C’est exactement cet espoir qui nourrit la famille Sanford-Durant, baignant dans une des plus grandes capitales du monde mais dans les pires conditions sociales qui soient. Sur les deux longs-métrages de documentaire proposés pour le moment au festival, la place accordée à ceux qui veulent raconter leur histoire est plus importante que jamais. Le Kiosque comme 17 Blocks représentent avant tout des films fait maison et qui mettent en avant la parole des concernés, du point de vue des concernés, au lieu de faire l’erreur si présente à la télévision aujourd’hui d’organiser des débats sans inviter les personnes qui devraient avoir la parole.

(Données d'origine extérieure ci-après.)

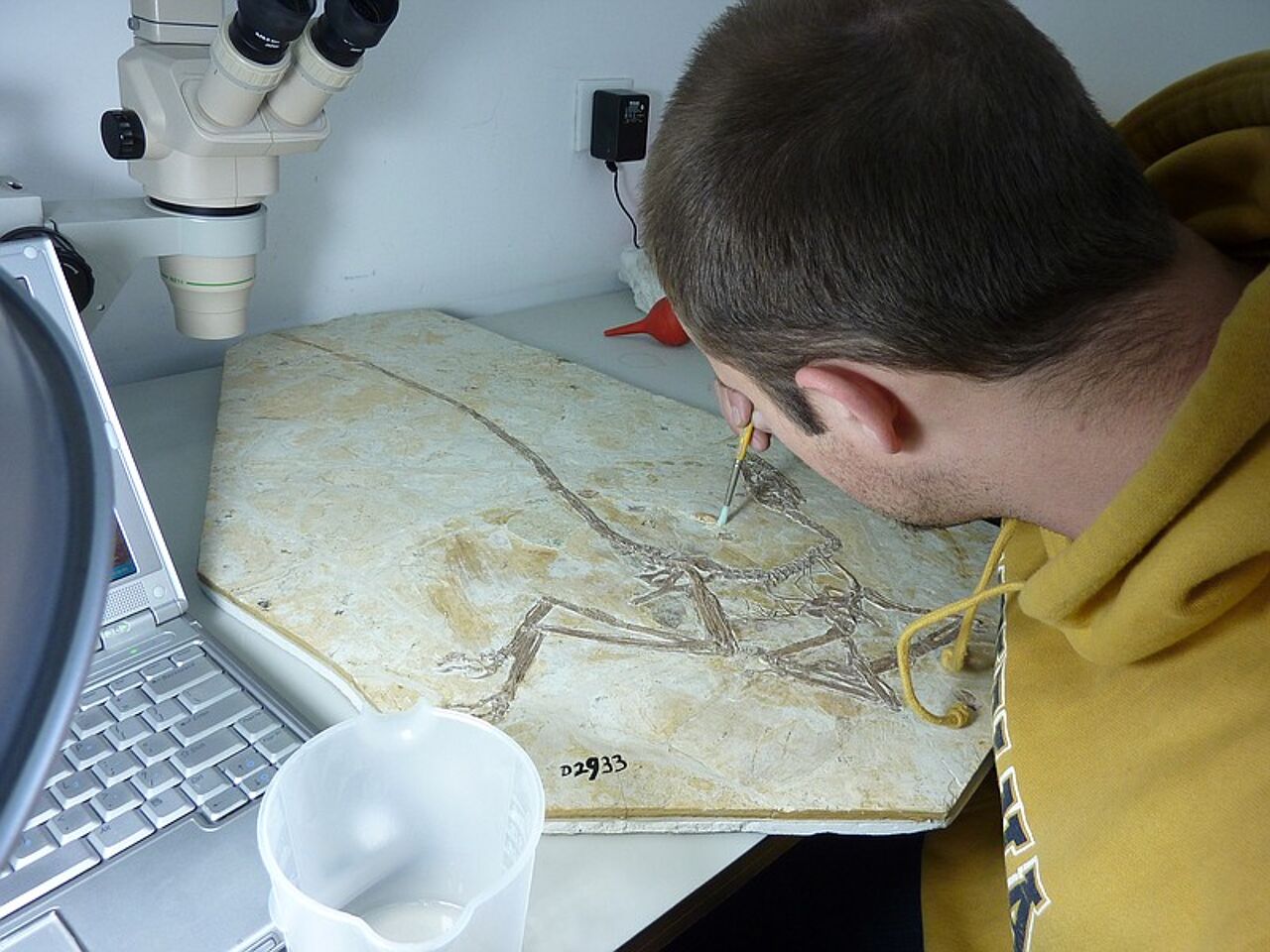Paleontoloog Ashley Poust bekijkt het fossiel van Wulong bohaiensis in het Dalian Natural History Museum in China. Ashley Poust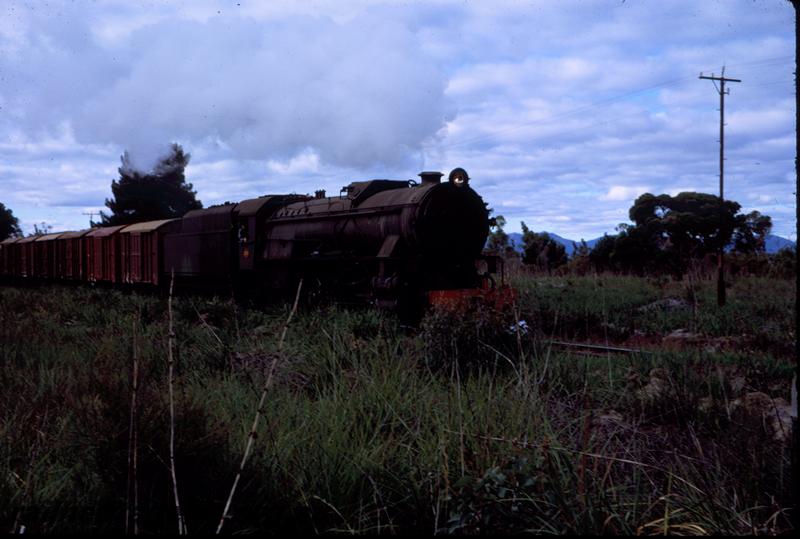 T03818
V class 1209, Narrikup. GSR line, goods train
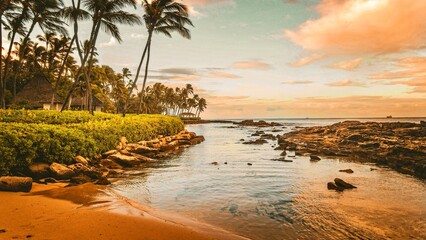 Hawaii Beach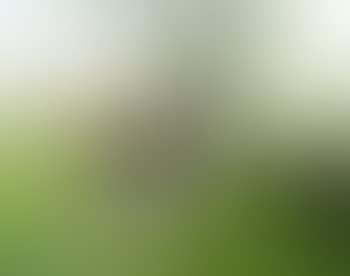 Gardeuse de vaches (preview)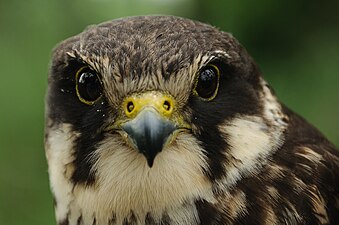 Portret van een jonge boomvalk Wielkopolskie, Polen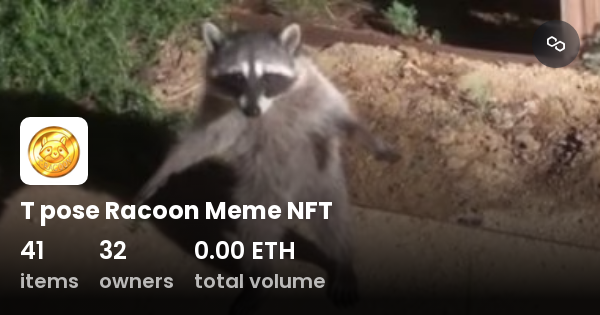 T pose Racoon Meme NFT - Collection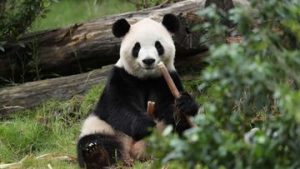 EQUITYWORLD FUTURES JAKARTA | 2 Panda ‘Ping Ping-Fu Shuang’ Dikirim China Tiba di Atlanta AS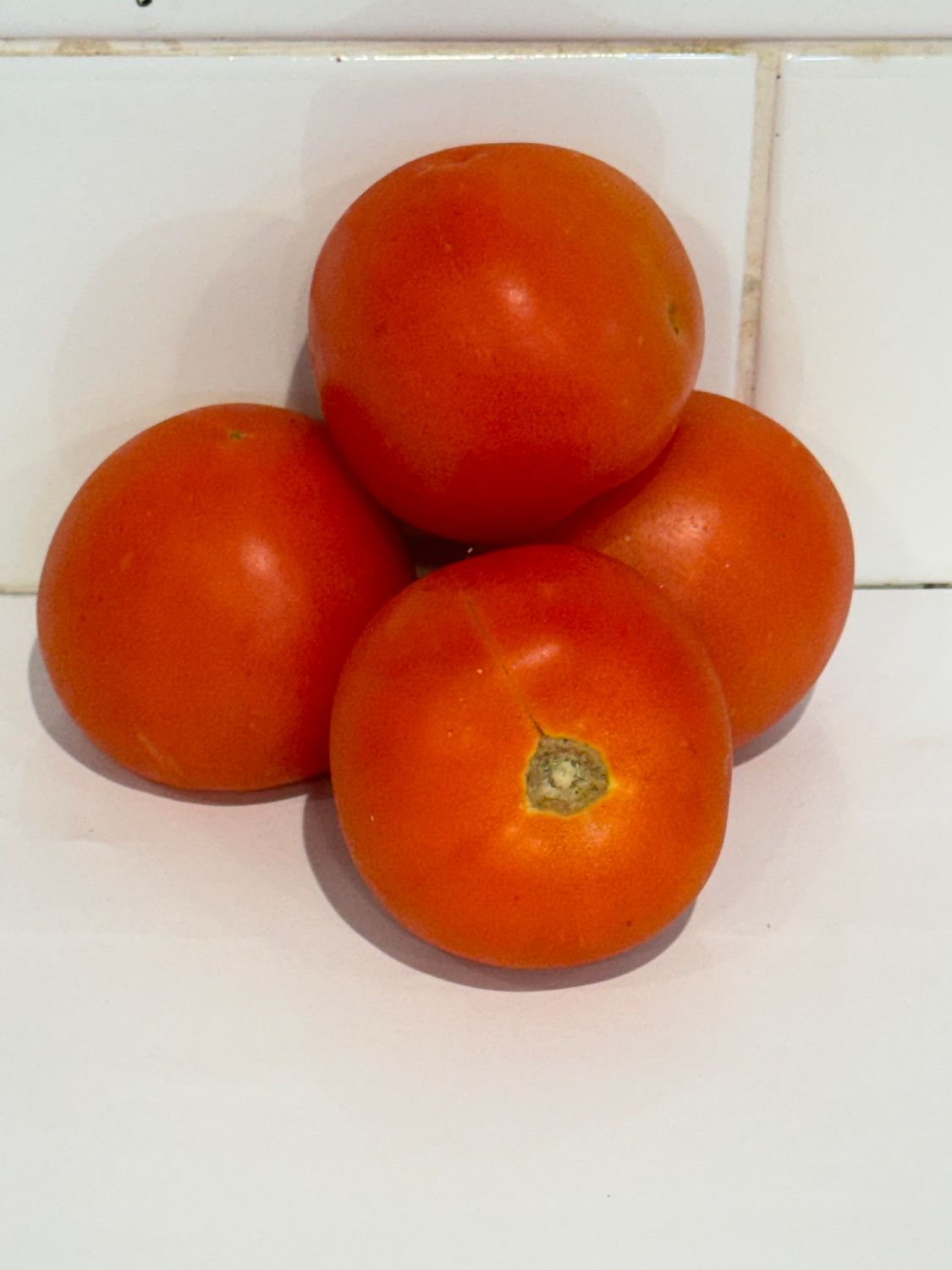 Tomatoes Small Round, Each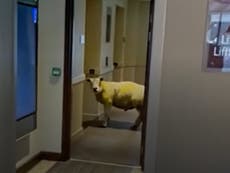 Sheep tries to enter lift in Welsh hotel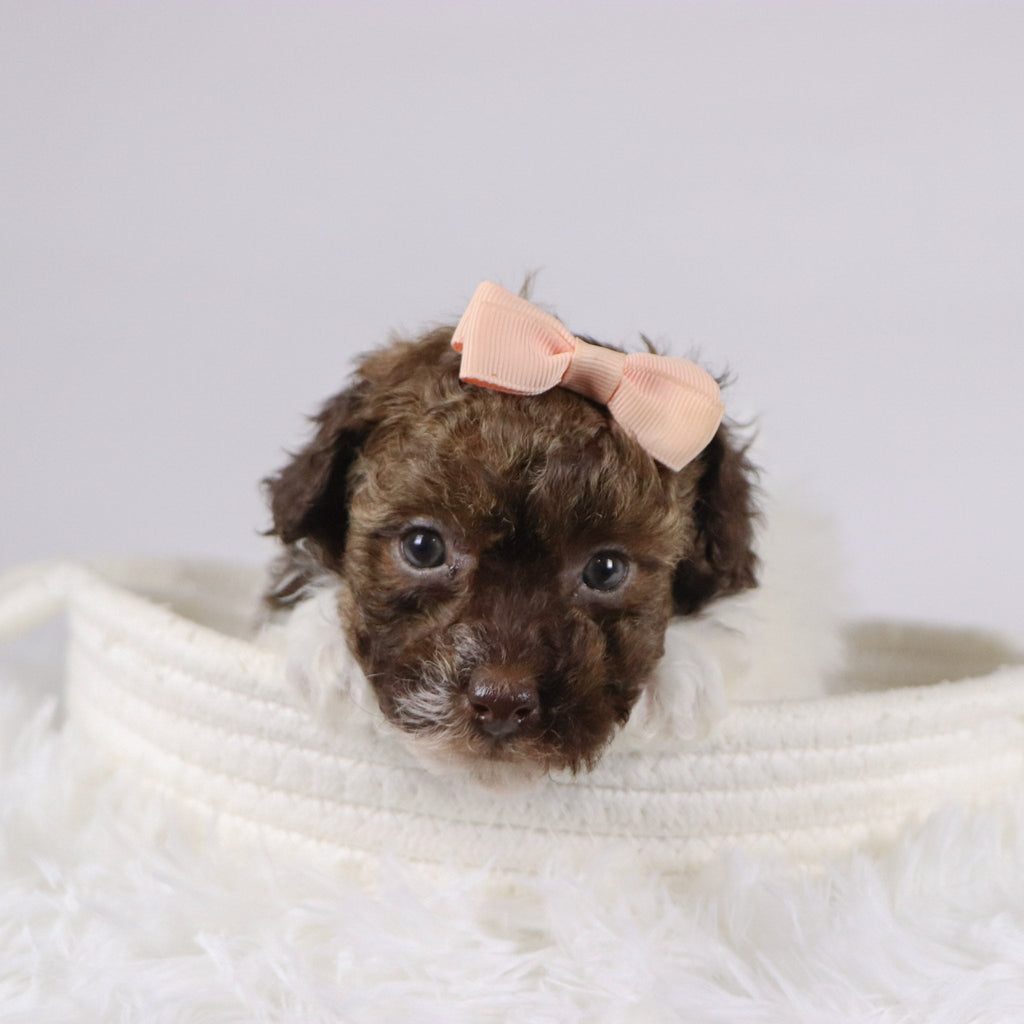 Izzie - Available 11/26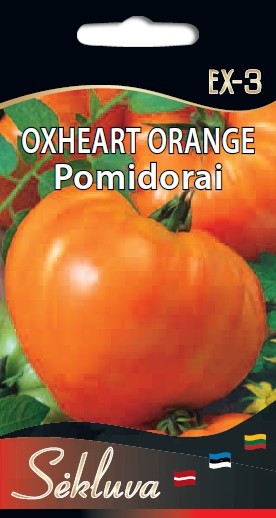 Pomidorai Oxheart Orange EX-3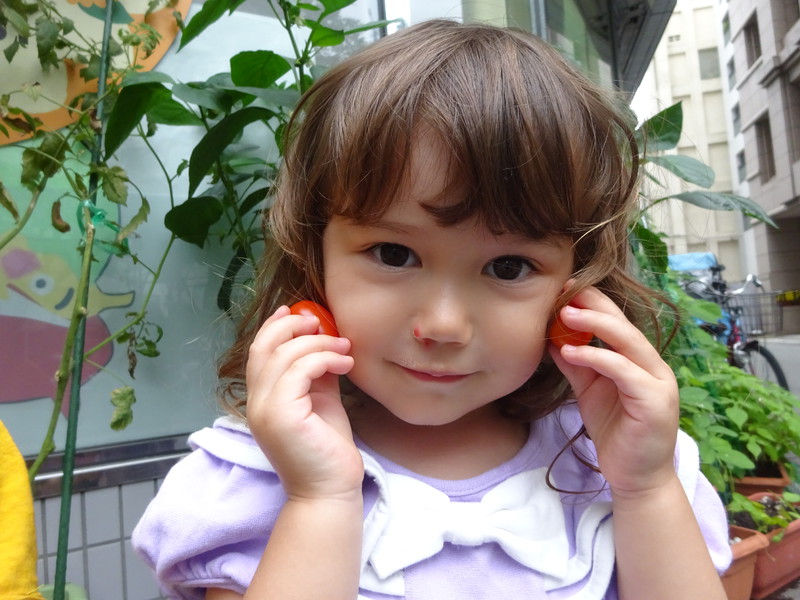 トマトできたよ🍅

La famille Sanford-Durant prend alors cette parole pendant deux décennies avec plus de 1000 heures de rush, et on ressent un attachement immédiat à cette famille qui grandit à vue d’oeil, à la manière d’un Richard Linklater avec sa trilogie Before ou Boyhood grâce à la temporalité étendue du contenu. C’est justement le temps, l’enjeu majeur de la vie de ses habitants : les années passent et pourtant rien ne change. Pire encore, l’âge des membres de la famille n’influe pas sur la vie qu’ils mènent : le premier-né de la famille raconte avec une banalité effrayante la mort d’un de ses amis tué pour un match de basket.
Aujourd’hui, l’arme la plus efficace d’un homme face aux difficultés de la vie est sa caméra (ou être blanc) et les circonstances le prouvent, le documentaire ne met pas en scène les tragédies qui rythment quotidiennement les vies des Sanford-Durant, elles sont filmées par la famille qui les subit. Ainsi, on découvre le témoignage bouleversant des membres de la famille après l’assassinat d’Emmanuel par un cambrioleur. Puisque tout tourne autour du temps : plusieurs années après son meurtre, la mère d’Emmanuel dit à son neveu qu’il avait eu sa première caméra à son âge. Il demande alors s’il sera tué 17 ans plus tard, comme son oncle… Une tragédie qui marque les esprits de plusieurs générations comme son frère, son neveu, sa mère… Tous luttant contre un fléau (la drogue, le deuil, la culpabilité…) et s’accrochant fort à l’unique réconfort et espoir qu’ils ont : leur famille.
« When somebody go, that’s it. If you still living when they go, that’s it. If they still living when you go, that’s it. » 17 Blocks ou le témoignage d’une Amérique ravagée par l’injustice et la violence, où l’espoir d’un ciel clair se transforme petit à petit en un orage qui ravage tout le monde sans état d’âme, enfants comme adultes…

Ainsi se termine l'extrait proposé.